Let’s look at what St. Paul says in today’s lesson.
“I consider that the sufferings of this present time
are not worth comparing with the glory about to be revealed to us.”

Paul doesn’t say it’s alright now, but that there’s something coming.
Paul is dreaming of an uncloudy day.
He says that the world will be changed and that we ourselves will be changed.
Listen to this:
“For the creation waits with eager longing
for the revealing of the children of God;
. . . .the creation itself will be set free from its bondage to decay
and will obtain the freedom of the glory of the children of God. “
Right now life can be an ordeal,
but Paul calls all our ordeals “labor pains.”
He says this:
The whole creation has been groaning in labor pains until now;
and not only the creation, but we ourselves,
. . . groan inwardly while we wait for adoption,
the redemption of our bodies.”

One of the best philosophers alive today is an Anglican priest
named Marilyn McCord Adams.
In one of her books, she looks at some of the explanations
for why things go wrong.
She talks about free will and that sort of thing.
When it comes to ordinary hardships,
those explanations work more or less.
But then she asks about the really awful things that happen.
She calls those things “horrendous evils.”

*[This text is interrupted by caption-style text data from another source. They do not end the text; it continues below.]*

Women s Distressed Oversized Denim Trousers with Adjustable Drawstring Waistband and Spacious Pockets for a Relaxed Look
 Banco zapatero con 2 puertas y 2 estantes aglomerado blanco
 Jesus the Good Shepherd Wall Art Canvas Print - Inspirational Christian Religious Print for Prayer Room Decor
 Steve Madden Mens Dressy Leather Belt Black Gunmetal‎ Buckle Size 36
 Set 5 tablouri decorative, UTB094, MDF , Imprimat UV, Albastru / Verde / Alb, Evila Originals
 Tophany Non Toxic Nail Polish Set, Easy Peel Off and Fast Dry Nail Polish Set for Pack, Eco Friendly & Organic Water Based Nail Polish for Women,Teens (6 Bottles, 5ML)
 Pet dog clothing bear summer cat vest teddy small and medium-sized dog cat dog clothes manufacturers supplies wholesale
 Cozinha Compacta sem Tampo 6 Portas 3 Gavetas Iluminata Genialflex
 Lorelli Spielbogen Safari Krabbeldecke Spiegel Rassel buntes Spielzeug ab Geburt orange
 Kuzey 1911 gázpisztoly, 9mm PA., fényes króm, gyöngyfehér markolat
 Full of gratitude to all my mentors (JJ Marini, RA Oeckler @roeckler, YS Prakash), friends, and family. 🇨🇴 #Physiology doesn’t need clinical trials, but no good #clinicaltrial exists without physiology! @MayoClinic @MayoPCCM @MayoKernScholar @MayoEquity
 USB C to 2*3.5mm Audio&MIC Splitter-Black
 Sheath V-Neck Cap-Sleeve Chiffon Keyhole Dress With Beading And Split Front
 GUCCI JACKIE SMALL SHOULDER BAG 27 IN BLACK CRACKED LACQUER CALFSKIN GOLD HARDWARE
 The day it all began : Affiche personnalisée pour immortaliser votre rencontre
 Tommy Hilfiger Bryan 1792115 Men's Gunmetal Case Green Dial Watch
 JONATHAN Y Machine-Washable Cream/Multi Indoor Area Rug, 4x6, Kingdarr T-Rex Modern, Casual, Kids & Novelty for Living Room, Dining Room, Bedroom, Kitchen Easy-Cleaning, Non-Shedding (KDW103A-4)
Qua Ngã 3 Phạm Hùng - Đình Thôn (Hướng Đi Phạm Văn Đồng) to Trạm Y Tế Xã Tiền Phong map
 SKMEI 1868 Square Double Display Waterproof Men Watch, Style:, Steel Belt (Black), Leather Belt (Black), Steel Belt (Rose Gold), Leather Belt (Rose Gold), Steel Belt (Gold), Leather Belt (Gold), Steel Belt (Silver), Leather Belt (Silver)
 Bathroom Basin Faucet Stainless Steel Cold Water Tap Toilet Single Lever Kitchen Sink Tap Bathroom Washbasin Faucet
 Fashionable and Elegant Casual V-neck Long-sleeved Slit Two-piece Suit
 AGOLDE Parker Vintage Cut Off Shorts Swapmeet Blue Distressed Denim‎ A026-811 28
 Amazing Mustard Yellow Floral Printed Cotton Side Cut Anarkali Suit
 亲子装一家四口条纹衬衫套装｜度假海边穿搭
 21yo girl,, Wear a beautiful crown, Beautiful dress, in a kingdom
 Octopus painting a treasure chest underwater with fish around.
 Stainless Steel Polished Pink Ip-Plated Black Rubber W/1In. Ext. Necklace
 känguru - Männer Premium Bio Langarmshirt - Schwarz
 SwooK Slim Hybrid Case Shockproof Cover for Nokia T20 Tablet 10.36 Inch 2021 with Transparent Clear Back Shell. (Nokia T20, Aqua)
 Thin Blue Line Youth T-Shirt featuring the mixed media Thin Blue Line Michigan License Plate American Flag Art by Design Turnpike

I won’t cast a pall on your morning with examples.
But you know what she means – the real horrors of war, crime, terrorism,
and natural disasters like the earthquake in Haiti.

In the face of those things,
the nice little philosophical musings all ring hollow.
Besides, Adams says, we don’t want those things explained.
We want them redeemed.
And so, she says, they shall be.
God is infinitely beyond anything we have experienced, she says.
God is infinitely greater than even the most horrendous evils
that have ever happened on this earth.

What does God have waiting for us?
God has God’s own self to give us.
God promises that all our hardships, all our griefs,
will be swallowed up
in the transcendent glory of his love.

That’s what Paul means when he says,
“I consider that the sufferings of this present time
are not worth comparing with the glory about to be revealed . . . .”
We don’t live in passive acceptance of things as they are.
We live in hope that things will not just be better,
they will be glorious.
The difference between Christian suffering and ordinary suffering
lies in a single word: hope.
And that single word makes all the difference.

St. Paul said,
“For in hope we were saved.
Now hope that is seen is not hope.
For who hopes for what is seen?
But if we hope for what we do not see,
we wait for it with patience.”

We have a faith that can sing the blues
but we sing the blues with hope.
Ordinary suffering is laced with despair
because it doesn’t believe in tomorrow.
We live with today because we have supreme confidence
in tomorrow – a tomorrow in the presence of God.